We don't have a strategy, says fundraiser in chief
Faced with deepening crises in the Middle East and Ukraine, U.S. Commander in Chief Barack Obama put the brakes on the notion American military power can solve either conflict.
At a news conference Thursday, the president addressed the situation in Syria because, White House officials said, a statement Obama gave earlier in the week left the impression that military action would be taken quickly. Obama muddied his earlier message by asserting “we don’t have a strategy yet” for going after the Islamic State militants in Syria.
No strategy, yet, to block a militant jihadist army that reportedly has slaughtered thousands of non-Sunni Muslims, Christians and ethnic Kurds in Syria and Iraq — and videotaped the beheading of American journalist James Foley.

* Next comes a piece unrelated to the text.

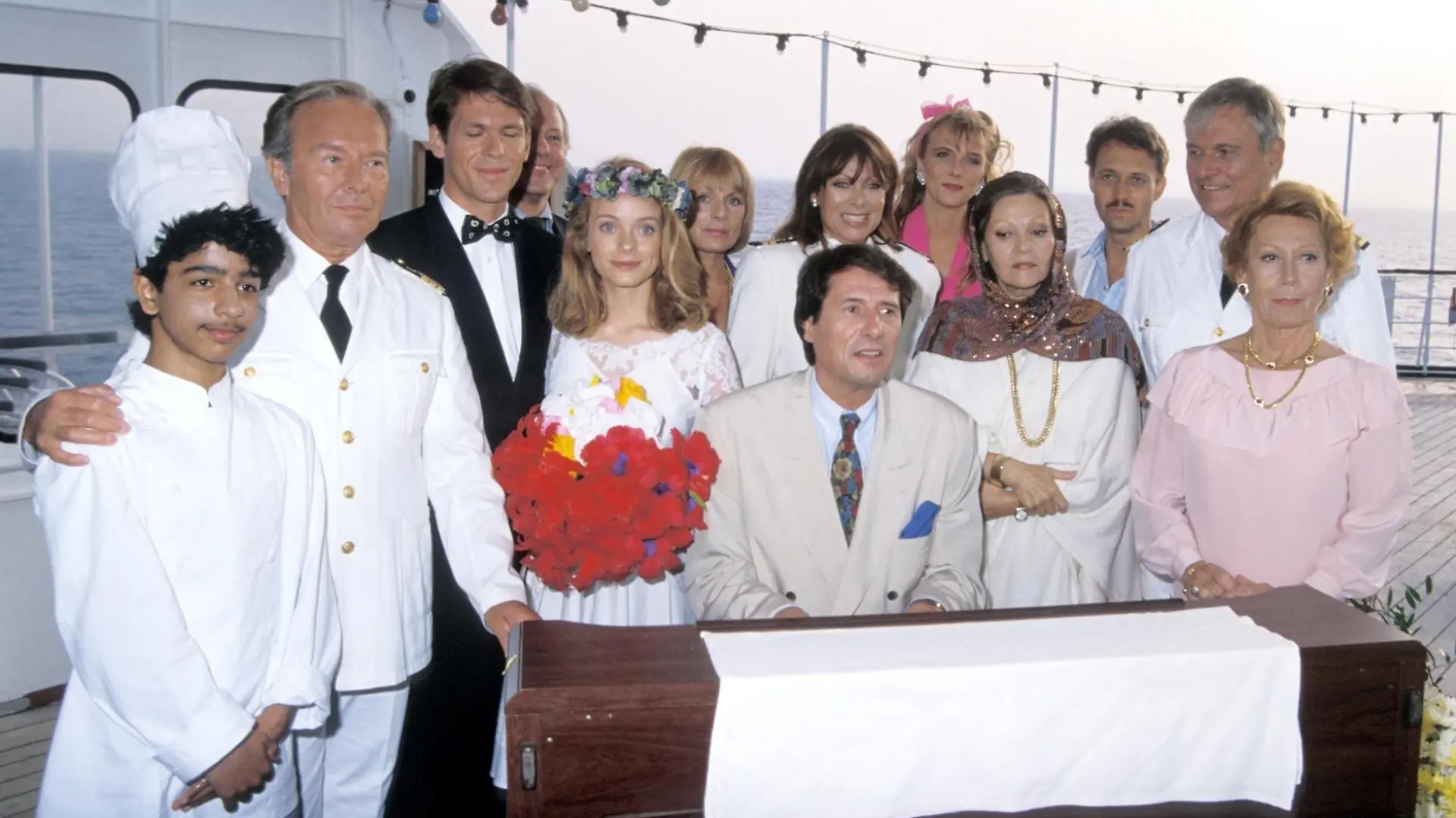 Baris Cetinkeya, Horst Neumann, Tobias Hoesl Tushka Bergen, Herbert Tennigkeit, Karyn von Ostholt, Heide Keller, Nicole Belstler-Boettcher, Louise Martini, Peter Kennigkeit, Heinz Weiss, Heli Finkenzeller (v.l.n.r.), Udo Jürgens (Sänger m.), Dreharbeiten zur ZDF-Reihe "Traumschiff", Folge 18: "Florida", MS "Berlin", Kreuzfahrt, Kreuzfahrtschiff, Schiff, 20.03.1990, Hochzeit, Blumenstrauss, Blumen, Klavier, spielen, Flügel, Schauspieler, Schauspielerin, Promis, Prominente, Prominenter, (Photo by Peter Bischoff/Getty Images)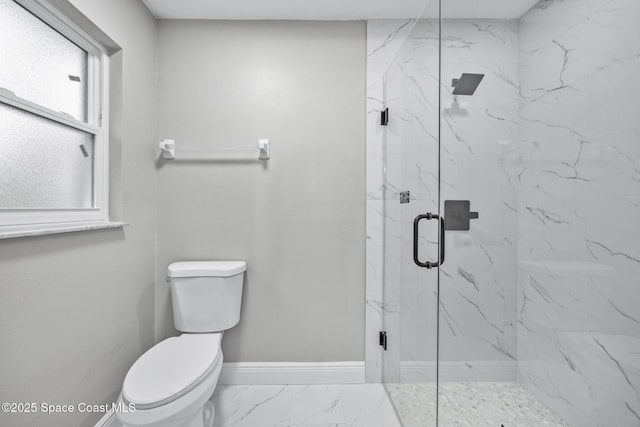 bathroom with toilet, walk in shower, and a healthy amount of sunlight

No strategy, yet, for a caliphate movement whose threats of international terror prompted the United Kingdom on Friday to elevate its terror threat warning to severe, and the Italian government to issue a nationwide alert.
No strategy, yet, for radical rebels who have seized vast tracts of northeastern Syria and northwestern Iraq and claiming that property as their own nation, the Islamic State.
No strategy, yet, as video surfaced Thursday of 250 Kurdish soldiers being forced to strip to their underwear and march into the desert where they were executed in a hail of gunfire.
Given the severity of the threat, it would be hoped that our commander in chief would hunker down in the war room and oversee the immediate completion of a strategy.
Amazingly, that didn’t happen. Obama spent the weekend fundraising in New England and attending the wedding of the White House chef to an MSNBC news reporter. Today he leaves for a trip to Estonia and then a NATO summit in Wales.
The president’s apparent lack of alarm is outrageous, especially when given the fact that the crisis in Iraq and Syria is only one of several global outbreaks. Others include Russia’s incursion into eastern Ukraine, Chinese aggression in international air space, an all-out civil war in Libya, the Israeli-Palestinian conflict, and an expanding Ebola outbreak in several African nations.
Obama seems to be conveying the message that nations in conflict need to solve their own conflicts without military intervention from the United States. In some respects it’s a noble thought — until U.S. interests, and lives, are threatened. And U.S. interests, if not lives, haven’t been under this severe a threat since Sept. 11, 2001, if some senior intelligence analysts are correct in their assessment of the Islamic State.
Those analysts include Joint Chiefs of Staff Chairman Gen. Martin Dempsey, who said unequivocally that the Islamic State could only be defeated if the U.S. were to go after the group in Syria as well as Iraq.
Obama’s lack of action over the holiday weekend bolsters recent criticism that the president has become detached, disinterested and increasingly reluctant to initiate any action requiring cooperation from legislators or other leaders.
That’s not a comforting attitude for a president, lame duck or otherwise, to perpetuate.